Recrear o reinterpretar ese episodio de su adolescencia en Los Fabelman lo complementa o equilibra con el descubrimiento-reafirmación de su vocación como cineasta definida desde temprana edad. Lo que bien pudo ser un melodrama denso -dado el contexto de una separación y sus consecuencias-, Spielberg lo convierte en un entrañable homenaje al cine con humor, romance y un toque de aventura. Evitó para bien un tono lacrimógeno de sus dolores optando por compartirlos con sinceridad y sensibilidad amable, incluso conmovedora para retratar a sus padres, a quienes de alguna manera les externa un perdón con este tributo a ellos como los grandes personajes de su vida y que sin sus desavenencias maritales quizá no hubiera tenido más herramientas para convertirse en el realizador que es actualmente.

El contrapeso de esa fractura emocional son sus hermanas, amigos y compañeros de colegio, cómplices entrañables de su formación empírica como cineasta. A ellas y ellos también los involucra en este proyecto honrando su memoria solidaria, partícipe y creativa a lo largo del camino que fue abriéndose con su talento y capacidad detrás de cámaras.

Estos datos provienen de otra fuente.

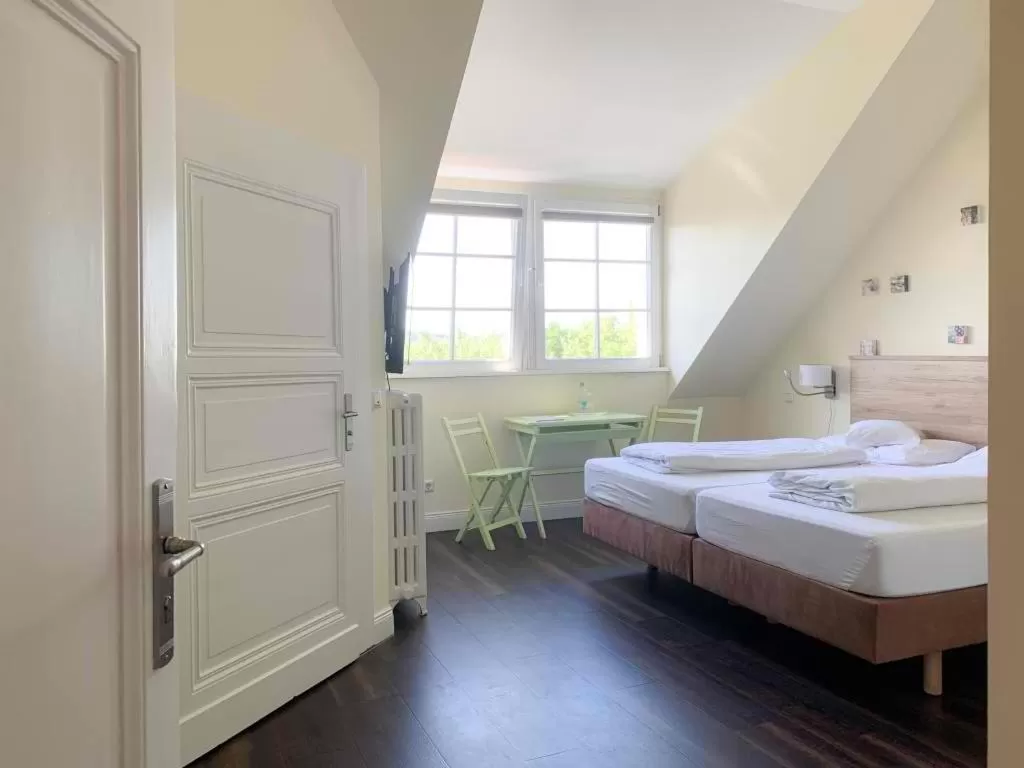 Bed in 2T Hotel artgenossen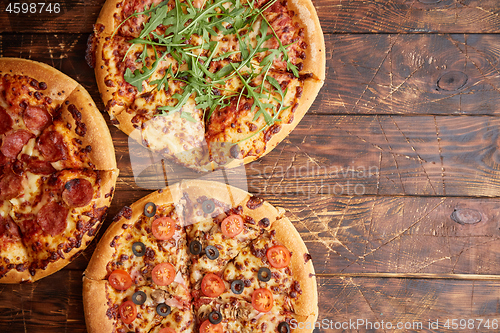 Image of Composition of three various kinds pizzas on wooden table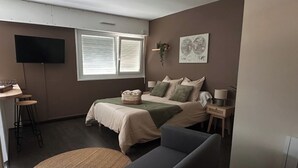 Une chambre à coucher comprenant un lit, une table de chevet, une lampe et un téléviseur fixé au mur.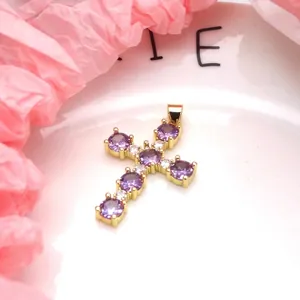 Macro view of gold-plated cross pendant featuring sparkling purple and white zircons.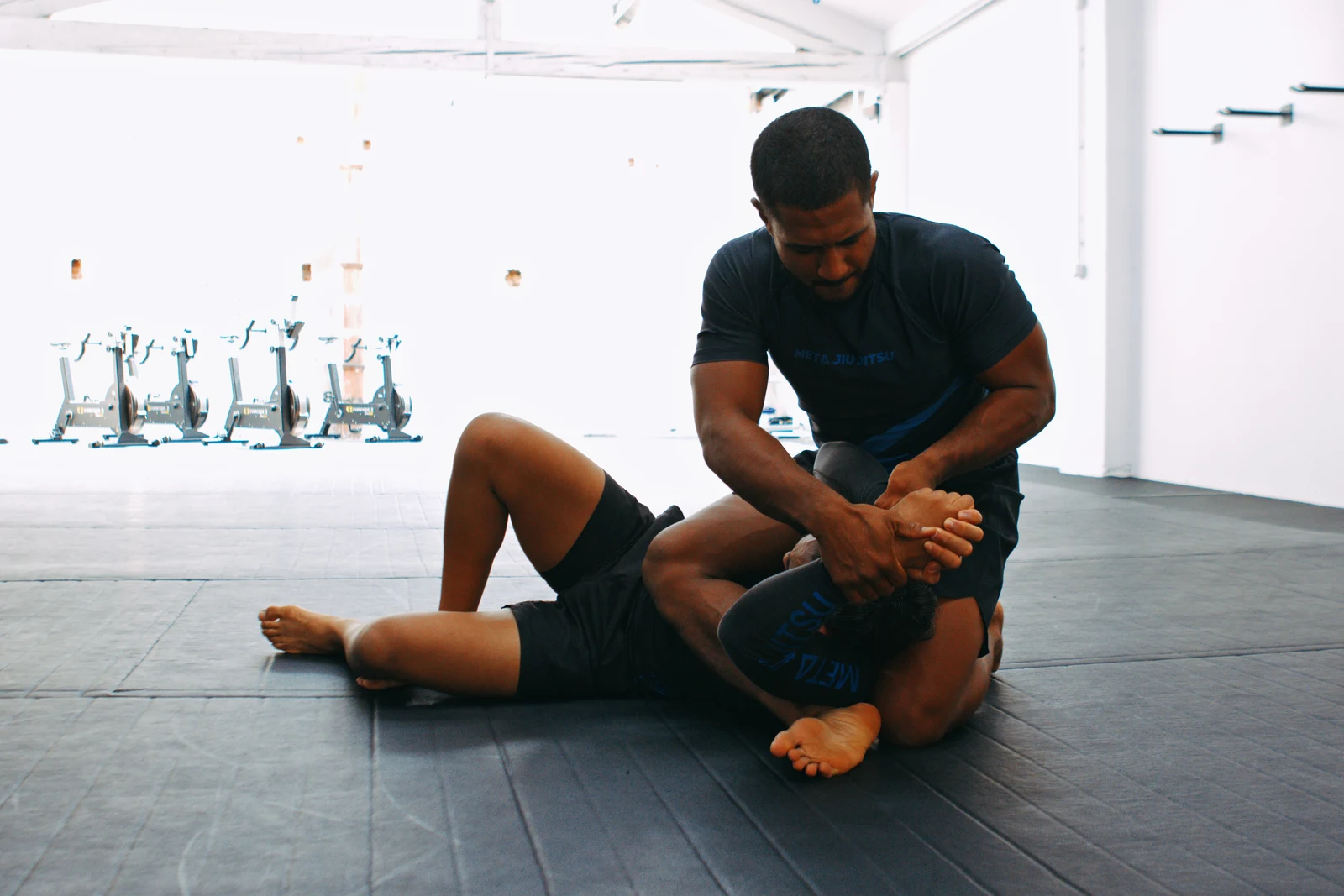 Un enseignant de Meta Jiu Jitsu travaille une technique au sol avec un élève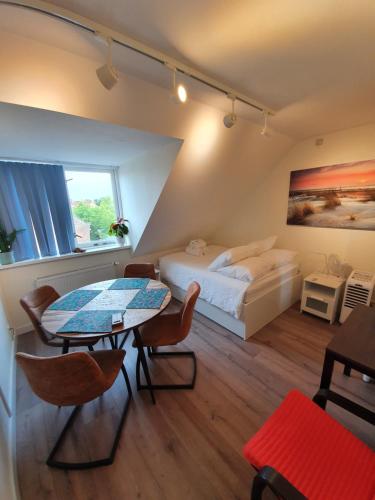 海牙Scheveningen Sea Side的卧室配有一张床和一张桌子及椅子
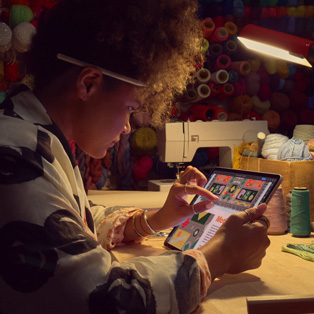 Una persona seduta alla scrivania che usa due dita sullo schermo di un iPad per ingrandire un’immagine.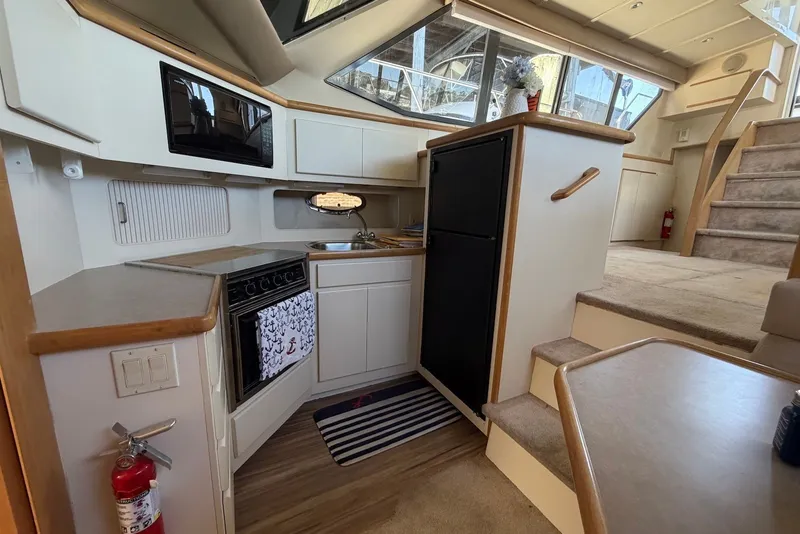 Slide: The Image of Interior of 1996 Carver 370 Aft Cabin Motor Yacht with kitchen and stairs. - 17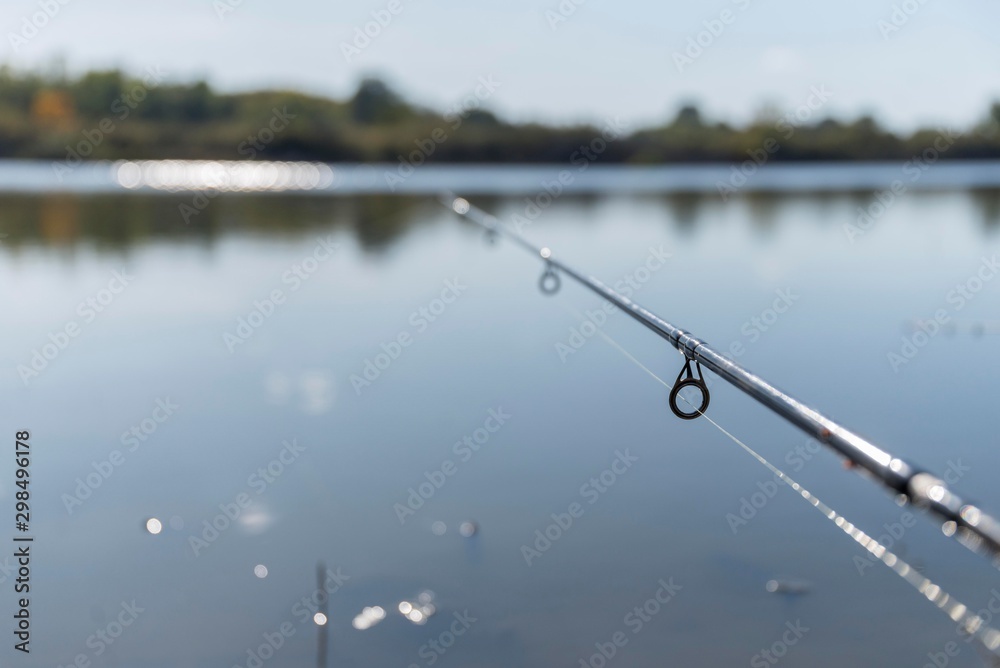 feeder fishing rod isolated on lake.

Ese desinteresado respaldo juvenil de sus entornos, Spielberg lo dimensiona como un abrazo fraternal que lo sostuvo en su crisis.

Como colofón está la extraordinaria secuencia final mediante la cual confirma que el cine es un refugio, el lugar más seguro que pudo hallar en su trayecto y, por si fuera poco, para el que nació. Es precisamente en dicho refugio donde Spielberg quiere abrirse y compartir con su estilo ese periodo que definió su vida y potenció su genio cinematográfico. El cierre de Los Fabelman es magistral no solamente por el personaje que aparece dando cátedra, sino por ser el elemento externo a los núcleos que sin intención colabora en la toma de decisiones trascendentales, tal como es el caso del porvenir (no por nada es metafórica la explicación del horizonte que da).

La fotografía de Janusz Kaminski juega un papel destacable. Para mostrar la ambivalencia del universo de Spielberg utiliza la cámara para hacer de la iluminación, los planos y movimientos una estructura de emociones. El rostro de Sam al editar; las aventuras de sus rodajes; los momentos en familia; la tensión con Mitzi al descubrir que ama a otro hombre. En cada situación, la cámara nos dice bastante (como cuando Sam presenta una película y vemos cómo su padre sale de cuadro para enfocar a Mitzi en alegría compartida con Bennie). 

Spielberg eligió a Gabriel LaBelle para representarse en su adolescencia y el chico hace un trabajo notable. Michelle Williams interpreta a Mitzi, su madre, con una actuación que orilla a recriminar el poco reconocimiento que se le da a esta actriz en la actualidad. ¡Está estupenda! El padre es protagonizado por Paul Dano, quien hace un papel sobrio y contenido que le exige su personaje, lo cual es complejo si se considera la circunstancia que atraviesa en la trama.

Los Fabelman es una película que, además de permitirnos una aproximación al mundo de Spielberg, bien puede estimular la intención de voltear a ver a nuestros viejos e intentar comprender por qué callan y por qué por tanto tiempo. Es posiblemente también una invitación para hacer las paces con las figuras paterna o materna en caso de decisiones que nos hayan afectado como hijos, para reconciliarnos con su memoria si es que ya no hubo oportunidad de oírles.